Any numbness, bruising, or thinned hair around the scar will fade in a few weeks; bandages, stitches and clips are removed within a day to a week. Most patients are back on their feet in a day or two, although the face may appear distorted and feel stiff, and many return to work within one to two weeks. At first you should be gentle with your skin and hair, and men may need to shave behind the neck and ears where areas of beard-growing skin have moved. In addition to being located in inconspicuous places such as behind the hairline and in natural folds of the face and ears, scars fade considerably in time.
Initially, you may experience swelling, numbness, bruising, and a feeling of tightness or tension in the face and neck. Your face may look uneven or distorted, and your facial muscles may feel stiff. Most of these usually resolve within 3-6 weeks, and sensation typically returns to normal within a few months. Scars become less red, raised, lumpy or itchy in time. Many patients return to work by the third week. Camouflage cosmetics can be used to minimize the appearance of bruising. You should be gentle with your skin and hair as you recover. Men may need to shave behind the neck and ears where areas of beard-growing skin have moved.
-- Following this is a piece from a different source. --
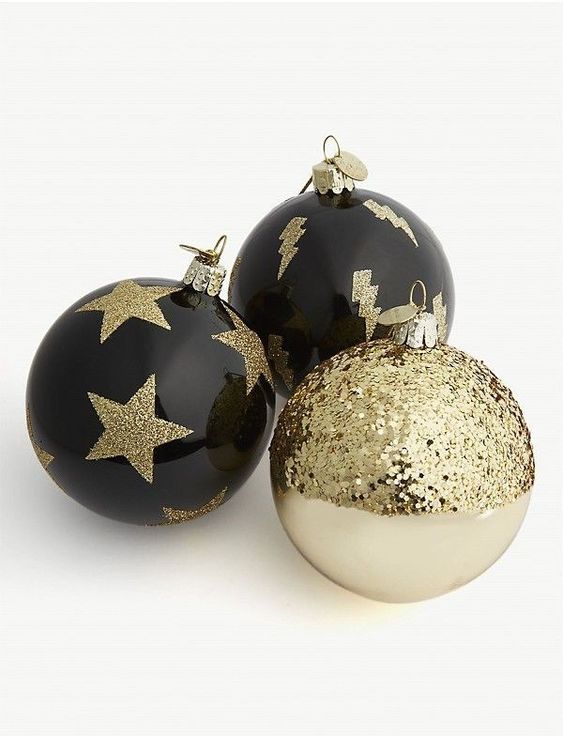 stylish black and white ornaments with gold glitter touches are a cool solution for winter holidays
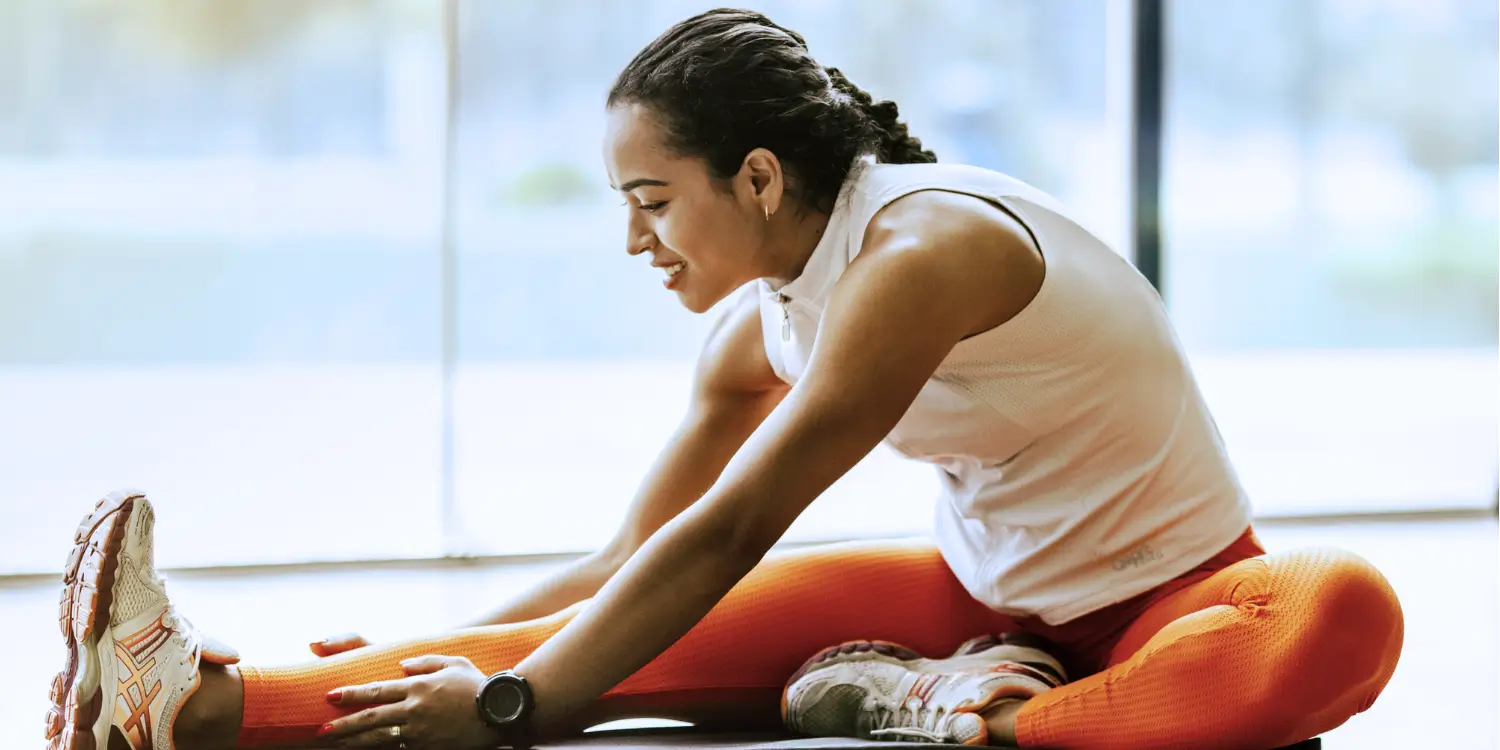 dexa vs seca body composition scan kansas city blog woman stretching before kansas city fitness testing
Results of a facelift do not last forever; you may want to have another procedure in five or ten years. But in another sense, the effects are long-lasting; years later, your face will continue to look better than if you had never had the procedure.*
Complications and Risks
Possible complications of facelift include: bleeding, infection, bruising, uneven swelling or discoloration, allergic reaction to the anesthesia, skin blistering (usually only seen in smokers), and temporary or permanent loss of sensation in the face. Dr. Epstein will discuss the risks and benefits of a facelift with you before your surgery.
Complications are rare but may include hematoma, temporary or permanent nerve injury, infection, and allergic reactions to anesthesia.